## Task input
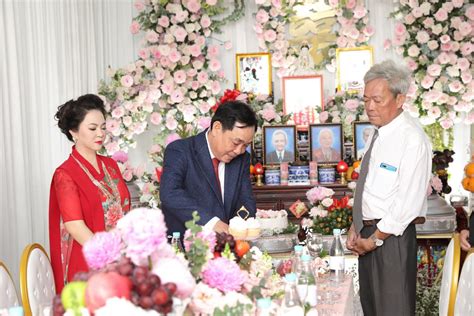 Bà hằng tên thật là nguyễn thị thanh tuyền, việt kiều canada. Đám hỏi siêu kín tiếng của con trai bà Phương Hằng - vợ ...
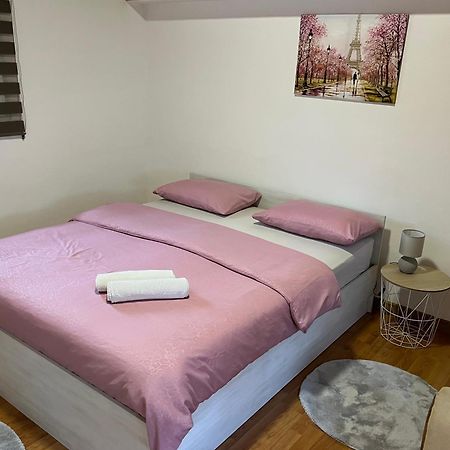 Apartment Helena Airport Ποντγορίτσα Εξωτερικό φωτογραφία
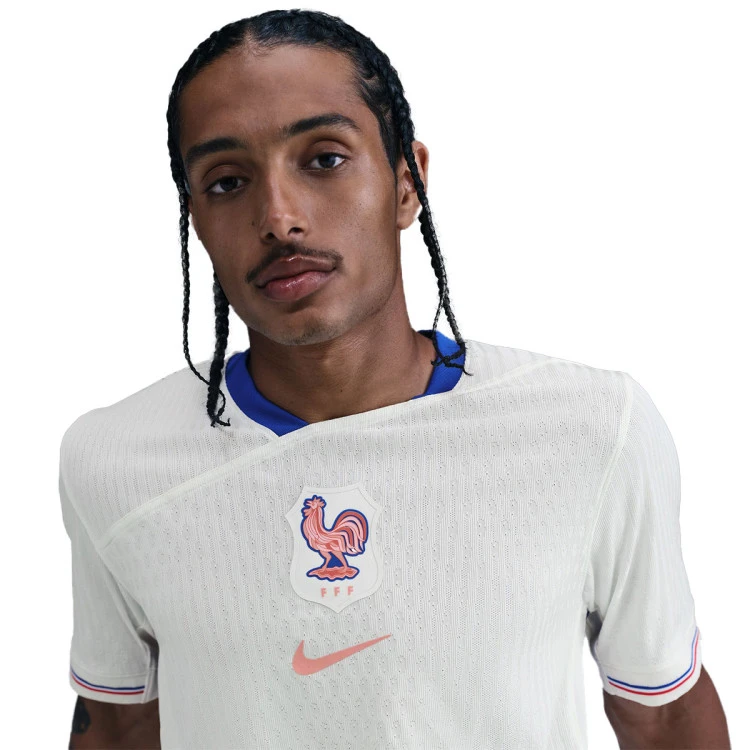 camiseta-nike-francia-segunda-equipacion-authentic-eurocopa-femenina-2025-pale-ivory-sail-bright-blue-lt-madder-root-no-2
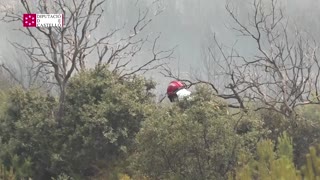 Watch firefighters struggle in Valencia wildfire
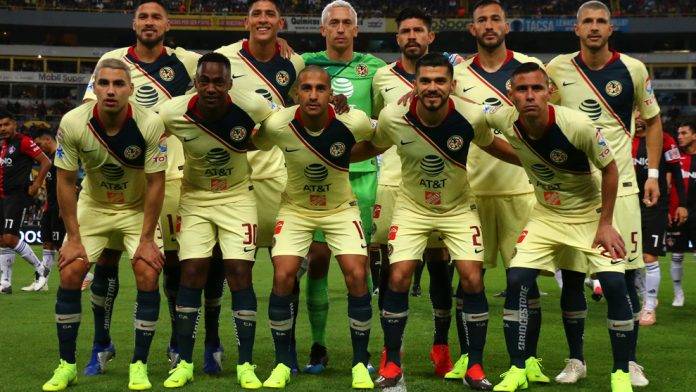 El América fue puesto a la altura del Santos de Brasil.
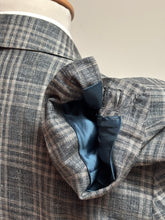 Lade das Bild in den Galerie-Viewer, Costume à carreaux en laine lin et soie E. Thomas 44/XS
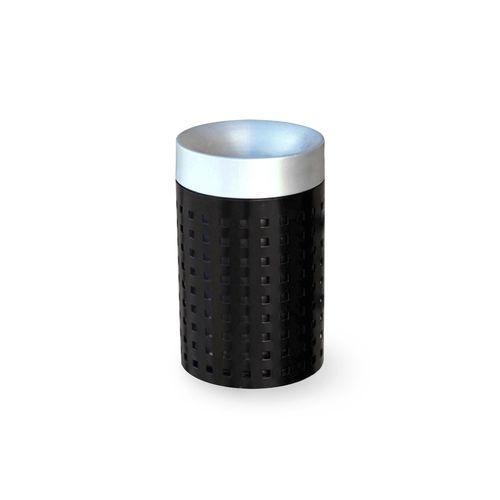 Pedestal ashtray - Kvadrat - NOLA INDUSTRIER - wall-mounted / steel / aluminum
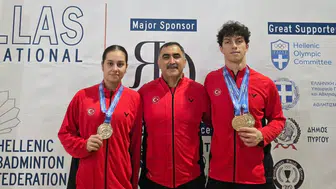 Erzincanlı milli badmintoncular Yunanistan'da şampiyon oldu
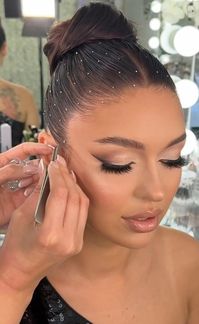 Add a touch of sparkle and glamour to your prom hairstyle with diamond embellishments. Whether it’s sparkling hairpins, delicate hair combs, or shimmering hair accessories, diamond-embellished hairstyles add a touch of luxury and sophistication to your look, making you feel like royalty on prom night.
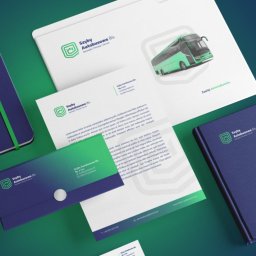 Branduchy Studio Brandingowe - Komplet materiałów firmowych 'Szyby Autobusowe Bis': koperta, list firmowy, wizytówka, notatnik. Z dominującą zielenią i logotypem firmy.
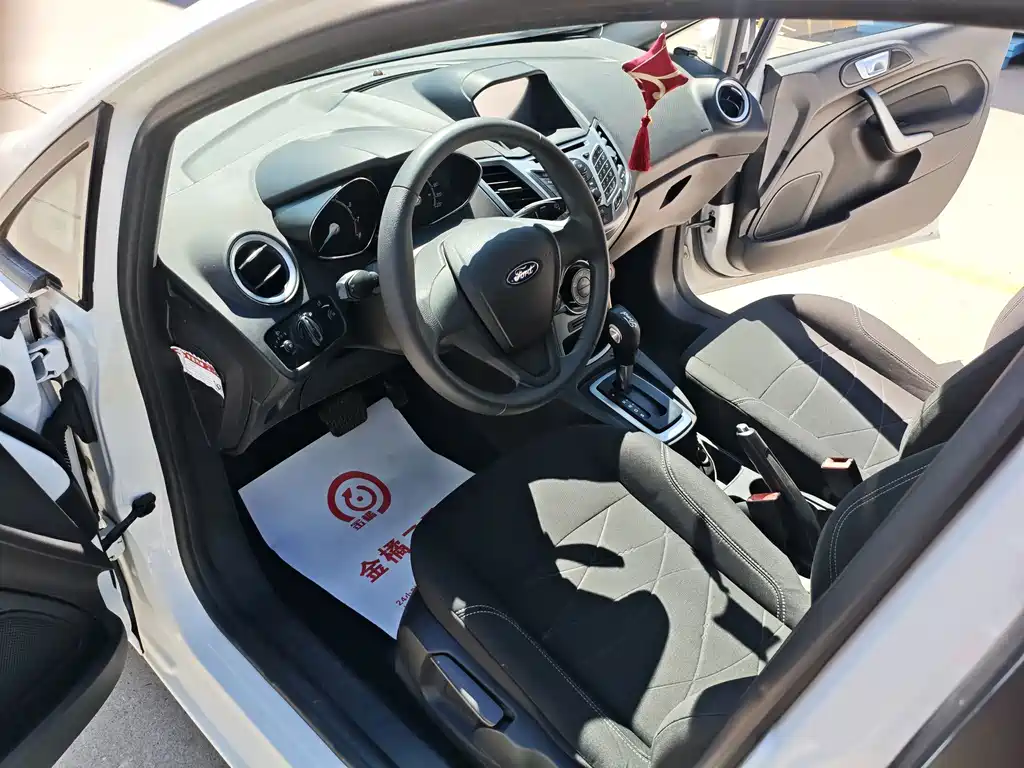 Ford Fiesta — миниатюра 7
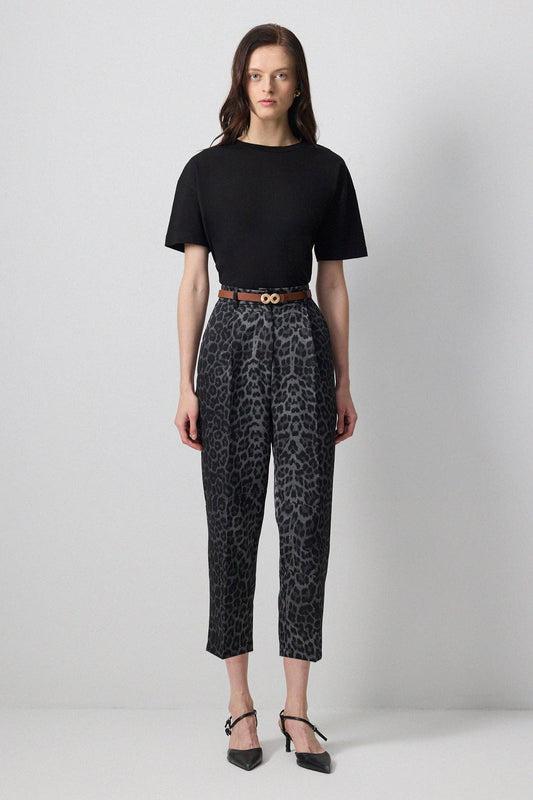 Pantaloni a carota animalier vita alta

* * *

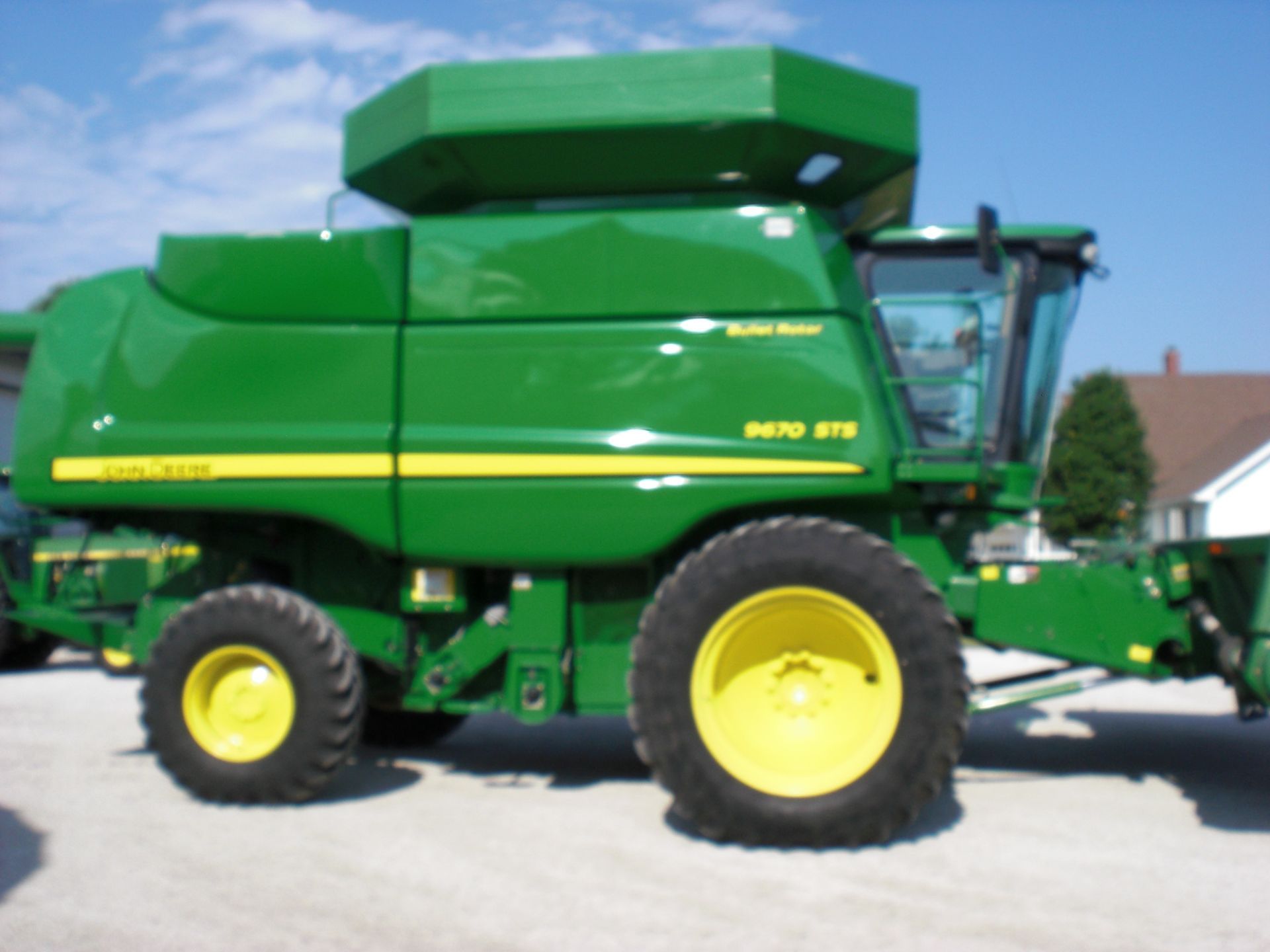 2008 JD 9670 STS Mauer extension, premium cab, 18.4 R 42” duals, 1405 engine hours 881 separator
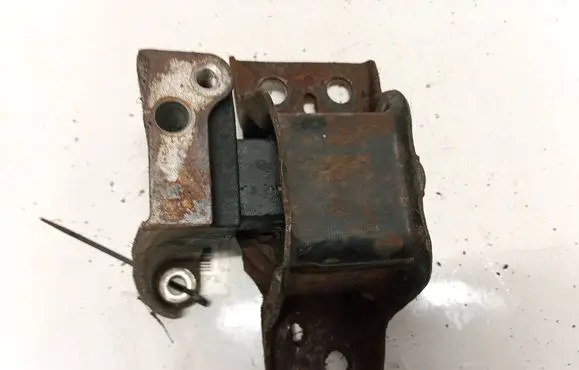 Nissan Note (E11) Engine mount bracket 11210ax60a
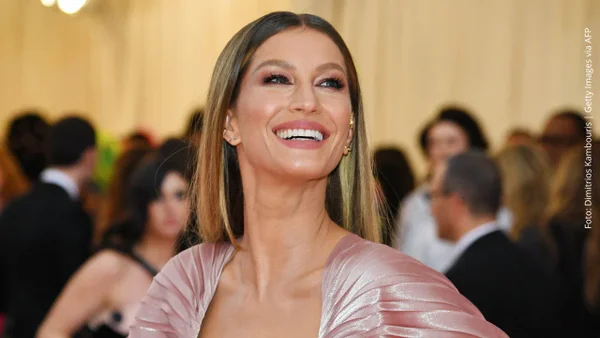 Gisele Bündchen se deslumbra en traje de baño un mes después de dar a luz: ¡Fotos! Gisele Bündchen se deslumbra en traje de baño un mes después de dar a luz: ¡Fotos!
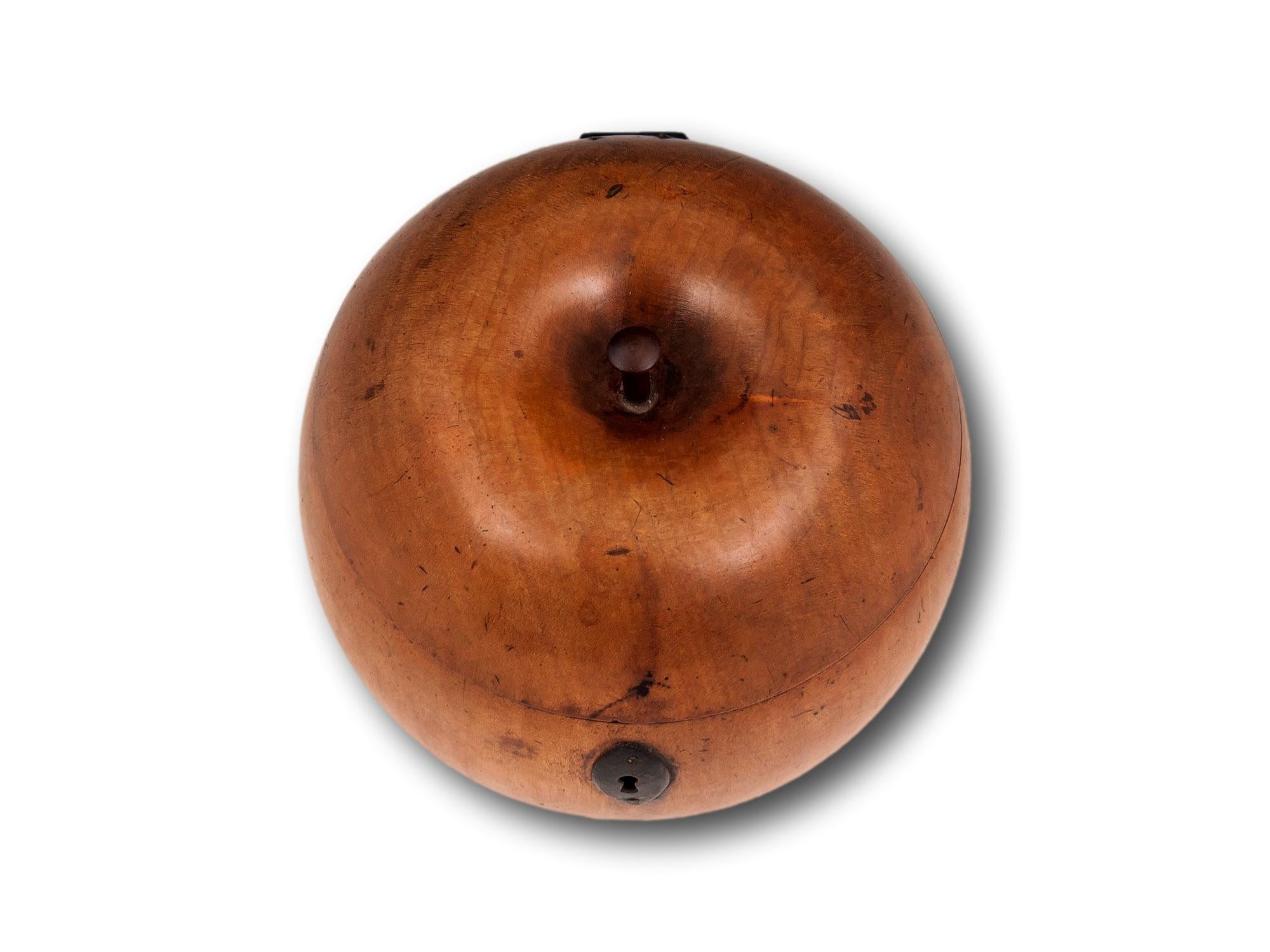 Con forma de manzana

---

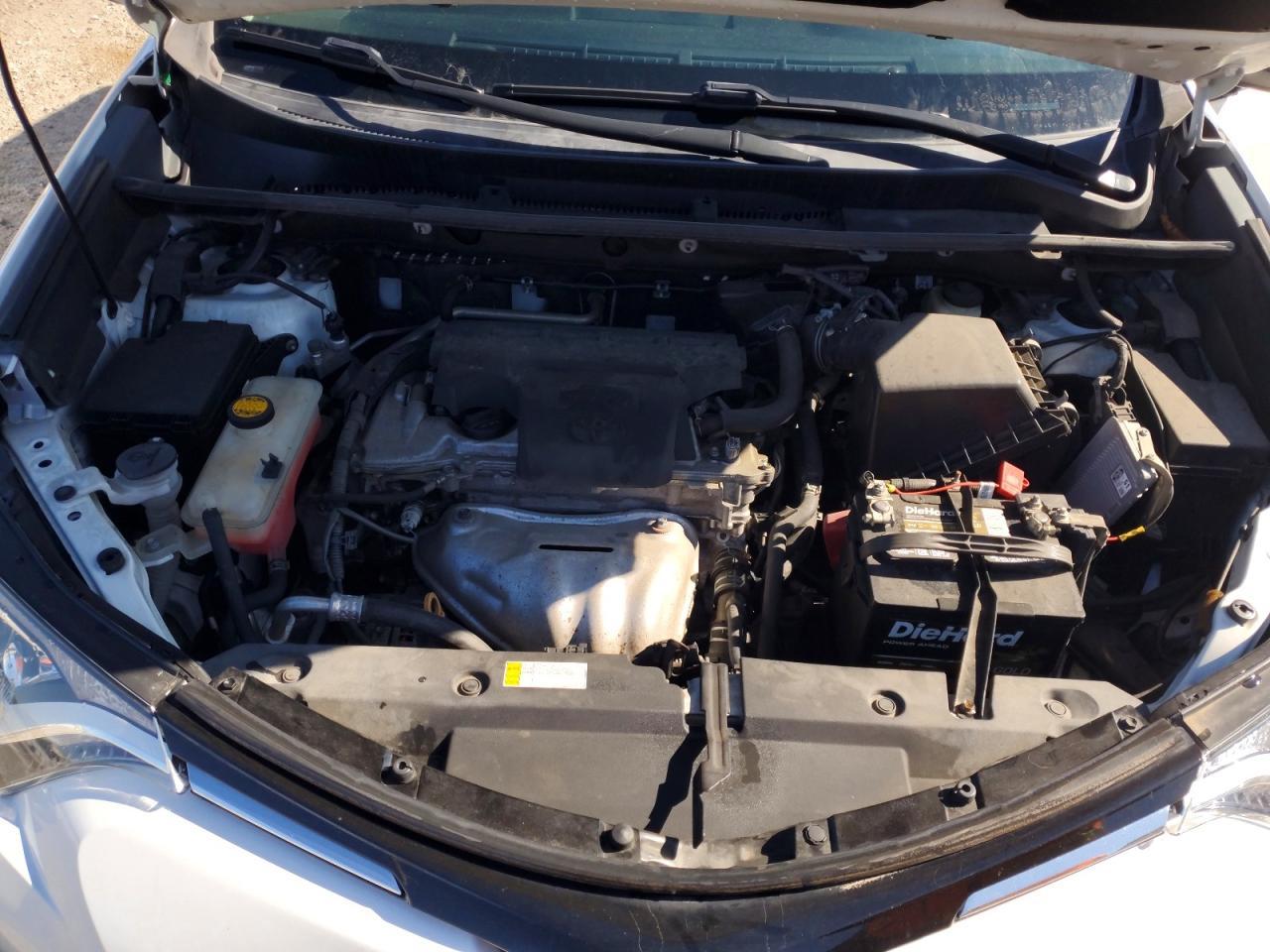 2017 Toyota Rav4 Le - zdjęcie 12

## Your objective
Write out word for word the lines above that run from the one with "Apartment Helena Airport" to the one with "Pantaloni a carota animalier vita alta". Include both end lines; exclude the images.

## Completed exercise
 Apartment Helena Airport Ποντγορίτσα Εξωτερικό φωτογραφία
 camiseta-nike-francia-segunda-equipacion-authentic-eurocopa-femenina-2025-pale-ivory-sail-bright-blue-lt-madder-root-no-2
 Watch firefighters struggle in Valencia wildfire
 El América fue puesto a la altura del Santos de Brasil.
 Lade das Bild in den Galerie-Viewer, Costume à carreaux en laine lin et soie E. Thomas 44/XS
 Pedestal ashtray - Kvadrat - NOLA INDUSTRIER - wall-mounted / steel / aluminum
 Erzincanlı milli badmintoncular Yunanistan'da şampiyon oldu
 Add a touch of sparkle and glamour to your prom hairstyle with diamond embellishments. Whether it’s sparkling hairpins, delicate hair combs, or shimmering hair accessories, diamond-embellished hairstyles add a touch of luxury and sophistication to your look, making you feel like royalty on prom night.
 Branduchy Studio Brandingowe - Komplet materiałów firmowych 'Szyby Autobusowe Bis': koperta, list firmowy, wizytówka, notatnik. Z dominującą zielenią i logotypem firmy.
 Ford Fiesta — миниатюра 7
 Pantaloni a carota animalier vita alta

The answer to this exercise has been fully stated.